But there were good days too.
When Mia Fournier had her baby in mid-October, Skylar was given a promotion, a raise, and a box of Abelard Vineyards business cards that said Skylar Nixon, Brand Representative on them. I sent her two dozen pink roses at work the next day and told her how proud I was of her that night. She asked if she could have a reward, and I said of course.
The wicked little thing asked if we could take a shower together, during which she begged me to jerk off in front of her and come on her chest.
Which I did.
Later on I blindfolded her and tortured her endlessly with my tongue for being such a naughty girl, her hands tied, her body stretched out on the bedroom floor.
On those kinds of days, I felt like a god. I could do anything as long as I had her. One chilly fall evening we dragged my sleeping bag out on the dock and spent the entire night out there, whispering and kissing and making love until the sun came up, when we finally went into the cabin and slept for hours in my bed. I came so close that night to asking her to move in with me, but I was too scared—if she was there constantly, it would be much harder to hide my rituals from her.
But God, how I loved her. Madly. Passionately. I wanted her with me all the time. I craved her with every fiber of my being. That night on the dock, I knew without a doubt I wanted to spend the rest of my life with her.
Finally, some fucking conviction.
In November, I started fantasizing about proposing. This was how you were supposed to feel when you asked someone to be your wife—wildly in love, every vein in your body running hot with blood when you’re together, every beat of your heart an explosion. But the more I thought about it, the closer I came to asking her if she wanted to stay with me forever, the more fragile she seemed in my eyes, the more obsessive thoughts pummeled my brain, and the less I felt I was good for her. She wouldn’t be happy with me, would she? She couldn’t be. I was a liar. I was a coward. I was despicable, tying her up and fucking her just to make her feel defenseless and vulnerable the way I did.
But I couldn’t stop.
Fear, guilt, and shame tortured me, and the more I fought it, the worse I felt in my skin. My life became a charade. I hid my relapse from Ken by canceling sessions for four weeks straight. I was able to hide it at work because my father let me keep my own hours—it never mattered if I was late. I stopped writing in my journal in the effort to hide it from myself, and I tried desperately to hide it from Skylar—but eventually it became impossible.

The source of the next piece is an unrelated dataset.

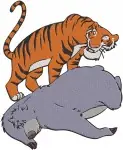 Disney Jungle Book Baloo Bear Shere Khan Tiger Mowgli Jungle Friends And Foe - Filled Embroidery Design - 7210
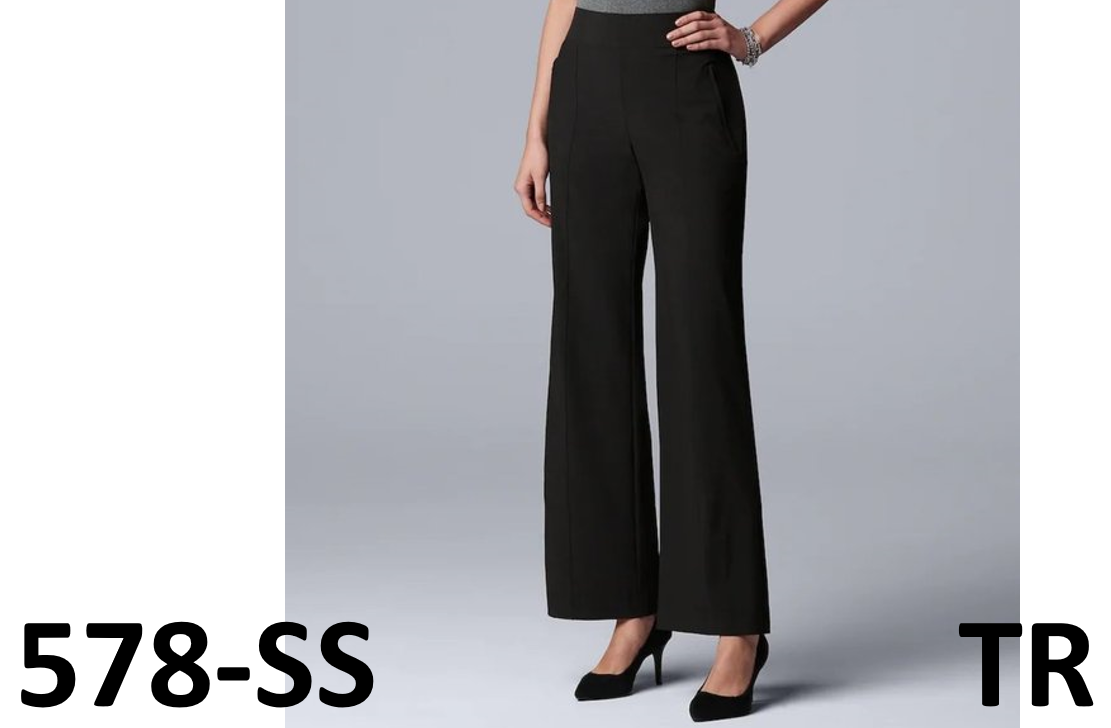 Simply Vera flare pant Straight Pocket creased Front Hem Black 1X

“What is with you?” she asked one cold, rainy November night after I’d driven back to the cabin for the second time to check the outlets and appliances. We were on our way to meet the Fourniers for dinner and were late already, but I’d made soup on the stove that afternoon, and it was an odd day, and even though I remembered turning the burner off, I didn’t trust myself. What if that memory was from a different day and the gas was still on? I’d made up some story about forgetting my wallet and then needing one of my meds, but those were flimsy excuses and she knew it. “And if you say ‘nothing,’ I’m getting out of this car. I’ve put up with this behavior for too long.”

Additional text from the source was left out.